Reproduce the lines of the listing exactly, beginning at the top, until the line with "Inn At Deep Creek オークランド エクステリア 写真" has been reproduced too.

=-=-=-=-=

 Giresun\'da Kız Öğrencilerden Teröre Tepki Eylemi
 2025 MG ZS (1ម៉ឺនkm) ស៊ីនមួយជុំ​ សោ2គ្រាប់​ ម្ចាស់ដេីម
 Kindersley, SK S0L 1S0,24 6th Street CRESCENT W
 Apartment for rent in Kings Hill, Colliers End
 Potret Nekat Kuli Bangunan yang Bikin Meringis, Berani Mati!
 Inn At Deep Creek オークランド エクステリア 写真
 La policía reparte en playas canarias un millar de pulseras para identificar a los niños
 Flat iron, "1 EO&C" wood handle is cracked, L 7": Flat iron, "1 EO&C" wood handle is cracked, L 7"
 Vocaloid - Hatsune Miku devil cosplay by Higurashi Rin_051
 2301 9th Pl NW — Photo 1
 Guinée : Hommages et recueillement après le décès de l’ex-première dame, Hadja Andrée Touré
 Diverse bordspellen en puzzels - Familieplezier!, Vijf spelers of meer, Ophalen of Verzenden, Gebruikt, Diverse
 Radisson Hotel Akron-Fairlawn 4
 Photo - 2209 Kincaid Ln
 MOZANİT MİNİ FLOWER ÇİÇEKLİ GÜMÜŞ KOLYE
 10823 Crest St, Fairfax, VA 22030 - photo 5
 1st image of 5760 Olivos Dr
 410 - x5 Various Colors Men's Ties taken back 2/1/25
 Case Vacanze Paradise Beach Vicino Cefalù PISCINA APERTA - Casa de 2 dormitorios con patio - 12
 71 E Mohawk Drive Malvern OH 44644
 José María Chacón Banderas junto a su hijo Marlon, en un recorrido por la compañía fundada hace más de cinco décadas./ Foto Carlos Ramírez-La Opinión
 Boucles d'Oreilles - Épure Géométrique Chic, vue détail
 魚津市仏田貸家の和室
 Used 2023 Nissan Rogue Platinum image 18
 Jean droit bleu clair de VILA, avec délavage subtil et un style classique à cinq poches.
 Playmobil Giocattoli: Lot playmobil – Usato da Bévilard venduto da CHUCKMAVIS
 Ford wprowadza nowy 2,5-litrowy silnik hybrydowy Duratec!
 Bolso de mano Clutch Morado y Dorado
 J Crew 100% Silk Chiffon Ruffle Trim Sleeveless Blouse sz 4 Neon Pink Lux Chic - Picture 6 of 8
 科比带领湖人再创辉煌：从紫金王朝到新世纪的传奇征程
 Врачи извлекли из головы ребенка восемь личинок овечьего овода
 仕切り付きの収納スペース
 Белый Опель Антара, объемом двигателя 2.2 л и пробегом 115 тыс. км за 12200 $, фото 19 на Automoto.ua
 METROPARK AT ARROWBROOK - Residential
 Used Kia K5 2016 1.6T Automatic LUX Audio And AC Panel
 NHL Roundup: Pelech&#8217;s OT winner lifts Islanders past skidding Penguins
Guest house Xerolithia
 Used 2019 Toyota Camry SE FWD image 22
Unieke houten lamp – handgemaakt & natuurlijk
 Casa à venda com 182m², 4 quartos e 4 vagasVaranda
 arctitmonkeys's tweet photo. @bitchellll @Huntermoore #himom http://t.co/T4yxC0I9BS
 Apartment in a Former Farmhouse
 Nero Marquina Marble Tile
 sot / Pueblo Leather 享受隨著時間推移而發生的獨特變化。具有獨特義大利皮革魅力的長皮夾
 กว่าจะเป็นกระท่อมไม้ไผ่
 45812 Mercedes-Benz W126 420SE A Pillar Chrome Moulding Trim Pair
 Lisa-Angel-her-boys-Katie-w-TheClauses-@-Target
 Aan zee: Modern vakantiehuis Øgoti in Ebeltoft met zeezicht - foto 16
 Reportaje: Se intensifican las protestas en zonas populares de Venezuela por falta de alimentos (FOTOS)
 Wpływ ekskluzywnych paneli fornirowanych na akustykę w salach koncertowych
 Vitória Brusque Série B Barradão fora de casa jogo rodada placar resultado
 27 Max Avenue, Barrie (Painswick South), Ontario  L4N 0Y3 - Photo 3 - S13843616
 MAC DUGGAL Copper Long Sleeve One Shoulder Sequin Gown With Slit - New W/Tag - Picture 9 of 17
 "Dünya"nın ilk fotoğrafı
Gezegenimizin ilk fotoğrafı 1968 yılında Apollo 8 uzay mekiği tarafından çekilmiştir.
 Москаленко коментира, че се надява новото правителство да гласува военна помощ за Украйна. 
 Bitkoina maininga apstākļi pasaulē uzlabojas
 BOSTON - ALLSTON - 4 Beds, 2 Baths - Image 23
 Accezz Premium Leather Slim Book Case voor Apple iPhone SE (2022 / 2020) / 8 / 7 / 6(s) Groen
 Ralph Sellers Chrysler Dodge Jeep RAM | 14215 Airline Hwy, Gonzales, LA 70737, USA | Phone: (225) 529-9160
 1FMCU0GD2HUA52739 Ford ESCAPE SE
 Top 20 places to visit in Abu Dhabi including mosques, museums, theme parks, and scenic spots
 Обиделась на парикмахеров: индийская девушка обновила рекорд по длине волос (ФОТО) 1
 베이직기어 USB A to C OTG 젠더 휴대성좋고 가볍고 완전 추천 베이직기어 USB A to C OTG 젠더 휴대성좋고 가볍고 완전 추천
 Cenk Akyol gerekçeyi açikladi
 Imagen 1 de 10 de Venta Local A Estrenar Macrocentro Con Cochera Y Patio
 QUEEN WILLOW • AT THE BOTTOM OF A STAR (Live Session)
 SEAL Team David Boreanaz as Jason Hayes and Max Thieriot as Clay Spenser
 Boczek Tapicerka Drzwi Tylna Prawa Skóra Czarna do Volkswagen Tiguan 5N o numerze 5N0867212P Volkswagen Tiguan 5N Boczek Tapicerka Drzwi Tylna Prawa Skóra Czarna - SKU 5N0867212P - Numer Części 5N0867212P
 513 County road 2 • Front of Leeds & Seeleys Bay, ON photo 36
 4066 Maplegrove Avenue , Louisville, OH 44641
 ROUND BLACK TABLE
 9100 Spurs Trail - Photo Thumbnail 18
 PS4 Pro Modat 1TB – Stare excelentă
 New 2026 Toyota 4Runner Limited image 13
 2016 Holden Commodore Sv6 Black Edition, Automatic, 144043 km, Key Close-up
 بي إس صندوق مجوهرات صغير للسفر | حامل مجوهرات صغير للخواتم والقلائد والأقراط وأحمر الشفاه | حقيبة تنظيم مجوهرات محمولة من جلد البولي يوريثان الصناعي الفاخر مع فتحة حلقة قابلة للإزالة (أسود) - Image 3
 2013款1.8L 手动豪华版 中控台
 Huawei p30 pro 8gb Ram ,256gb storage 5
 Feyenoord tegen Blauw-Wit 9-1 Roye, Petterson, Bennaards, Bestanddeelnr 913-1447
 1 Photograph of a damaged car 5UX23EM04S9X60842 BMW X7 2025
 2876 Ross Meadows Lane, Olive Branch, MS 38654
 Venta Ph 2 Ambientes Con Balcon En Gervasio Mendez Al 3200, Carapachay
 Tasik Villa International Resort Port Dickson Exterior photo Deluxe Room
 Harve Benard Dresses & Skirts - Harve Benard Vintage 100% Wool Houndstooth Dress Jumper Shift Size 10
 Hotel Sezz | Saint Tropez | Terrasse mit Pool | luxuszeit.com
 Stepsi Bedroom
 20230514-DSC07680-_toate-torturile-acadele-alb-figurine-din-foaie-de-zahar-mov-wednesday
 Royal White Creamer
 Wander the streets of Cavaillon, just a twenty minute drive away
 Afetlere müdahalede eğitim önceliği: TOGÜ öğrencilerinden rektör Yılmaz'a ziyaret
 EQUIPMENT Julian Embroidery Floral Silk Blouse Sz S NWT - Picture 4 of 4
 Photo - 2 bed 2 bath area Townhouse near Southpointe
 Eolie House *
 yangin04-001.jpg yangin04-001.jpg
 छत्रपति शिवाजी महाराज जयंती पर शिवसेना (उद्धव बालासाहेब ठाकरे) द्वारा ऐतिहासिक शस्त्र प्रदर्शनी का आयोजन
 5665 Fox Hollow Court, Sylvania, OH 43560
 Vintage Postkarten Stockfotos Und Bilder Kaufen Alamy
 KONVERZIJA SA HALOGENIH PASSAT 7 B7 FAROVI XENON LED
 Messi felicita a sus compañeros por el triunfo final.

=-=-=-=-=

### OUTPUT BELOW
 Giresun\'da Kız Öğrencilerden Teröre Tepki Eylemi
 2025 MG ZS (1ម៉ឺនkm) ស៊ីនមួយជុំ​ សោ2គ្រាប់​ ម្ចាស់ដេីម
 Kindersley, SK S0L 1S0,24 6th Street CRESCENT W
 Apartment for rent in Kings Hill, Colliers End
 Potret Nekat Kuli Bangunan yang Bikin Meringis, Berani Mati!
 Inn At Deep Creek オークランド エクステリア 写真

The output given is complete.